Data items:
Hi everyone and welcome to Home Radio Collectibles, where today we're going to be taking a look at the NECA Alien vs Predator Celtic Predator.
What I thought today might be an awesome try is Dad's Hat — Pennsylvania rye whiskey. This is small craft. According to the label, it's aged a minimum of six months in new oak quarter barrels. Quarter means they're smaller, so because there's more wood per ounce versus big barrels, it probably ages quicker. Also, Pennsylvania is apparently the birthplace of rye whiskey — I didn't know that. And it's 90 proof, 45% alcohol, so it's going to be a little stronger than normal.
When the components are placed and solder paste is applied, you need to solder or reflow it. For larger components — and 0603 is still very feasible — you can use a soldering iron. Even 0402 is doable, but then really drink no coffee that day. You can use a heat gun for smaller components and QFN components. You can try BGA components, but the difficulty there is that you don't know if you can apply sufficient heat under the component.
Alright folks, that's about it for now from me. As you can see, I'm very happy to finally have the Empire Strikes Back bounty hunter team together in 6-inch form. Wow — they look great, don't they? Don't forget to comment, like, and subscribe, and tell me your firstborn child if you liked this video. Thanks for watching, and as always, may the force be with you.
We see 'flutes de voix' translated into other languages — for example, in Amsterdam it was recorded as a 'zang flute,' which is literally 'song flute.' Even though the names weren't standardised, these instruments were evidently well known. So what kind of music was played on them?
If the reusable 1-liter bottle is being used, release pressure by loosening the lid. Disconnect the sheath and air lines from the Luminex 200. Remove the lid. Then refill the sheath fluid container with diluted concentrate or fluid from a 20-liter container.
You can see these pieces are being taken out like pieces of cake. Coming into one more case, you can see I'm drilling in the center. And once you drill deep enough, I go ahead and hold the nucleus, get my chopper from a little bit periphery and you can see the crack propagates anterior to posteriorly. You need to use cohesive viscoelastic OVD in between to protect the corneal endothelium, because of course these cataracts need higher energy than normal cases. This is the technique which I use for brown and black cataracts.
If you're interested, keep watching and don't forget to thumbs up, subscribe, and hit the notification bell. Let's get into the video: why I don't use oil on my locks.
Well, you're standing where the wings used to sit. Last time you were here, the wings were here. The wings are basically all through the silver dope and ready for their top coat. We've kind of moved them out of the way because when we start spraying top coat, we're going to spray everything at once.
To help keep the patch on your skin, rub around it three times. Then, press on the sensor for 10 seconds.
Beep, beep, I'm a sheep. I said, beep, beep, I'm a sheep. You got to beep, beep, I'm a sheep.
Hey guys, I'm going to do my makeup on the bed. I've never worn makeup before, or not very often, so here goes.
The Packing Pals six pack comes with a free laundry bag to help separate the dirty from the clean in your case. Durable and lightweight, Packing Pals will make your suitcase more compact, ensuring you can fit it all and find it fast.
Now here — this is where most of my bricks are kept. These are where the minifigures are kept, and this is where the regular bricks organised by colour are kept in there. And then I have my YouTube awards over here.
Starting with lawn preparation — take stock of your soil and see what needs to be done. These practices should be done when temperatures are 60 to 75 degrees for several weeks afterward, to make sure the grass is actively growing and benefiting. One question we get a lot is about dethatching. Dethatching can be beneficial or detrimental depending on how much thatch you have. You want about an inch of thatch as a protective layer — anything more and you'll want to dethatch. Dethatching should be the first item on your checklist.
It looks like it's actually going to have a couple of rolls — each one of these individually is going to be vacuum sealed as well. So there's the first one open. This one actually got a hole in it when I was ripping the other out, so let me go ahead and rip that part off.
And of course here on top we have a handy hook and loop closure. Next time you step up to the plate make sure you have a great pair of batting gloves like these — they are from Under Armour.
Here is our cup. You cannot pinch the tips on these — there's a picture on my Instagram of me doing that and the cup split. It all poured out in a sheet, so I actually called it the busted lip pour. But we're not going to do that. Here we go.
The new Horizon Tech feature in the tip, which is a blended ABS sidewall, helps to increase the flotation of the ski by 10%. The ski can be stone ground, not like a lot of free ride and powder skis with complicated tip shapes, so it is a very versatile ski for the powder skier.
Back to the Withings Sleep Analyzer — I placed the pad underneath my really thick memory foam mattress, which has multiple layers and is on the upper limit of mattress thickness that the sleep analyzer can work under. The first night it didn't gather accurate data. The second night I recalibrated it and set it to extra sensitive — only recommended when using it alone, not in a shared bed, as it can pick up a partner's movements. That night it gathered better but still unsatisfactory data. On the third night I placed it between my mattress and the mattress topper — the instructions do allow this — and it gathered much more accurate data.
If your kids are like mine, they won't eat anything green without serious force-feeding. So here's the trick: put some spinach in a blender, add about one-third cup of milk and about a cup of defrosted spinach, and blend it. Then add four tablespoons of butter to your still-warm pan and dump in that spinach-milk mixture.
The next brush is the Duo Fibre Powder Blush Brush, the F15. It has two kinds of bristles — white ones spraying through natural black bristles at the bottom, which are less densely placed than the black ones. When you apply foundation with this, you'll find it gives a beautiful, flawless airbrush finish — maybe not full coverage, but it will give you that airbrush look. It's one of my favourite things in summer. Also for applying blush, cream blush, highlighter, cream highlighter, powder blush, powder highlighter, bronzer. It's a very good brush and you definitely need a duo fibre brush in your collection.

Exercise description:
For the word "keep", return every line of the records that holds it.

Exercise result:
If you're interested, keep watching and don't forget to thumbs up, subscribe, and hit the notification bell. Let's get into the video: why I don't use oil on my locks.
To help keep the patch on your skin, rub around it three times. Then, press on the sensor for 10 seconds.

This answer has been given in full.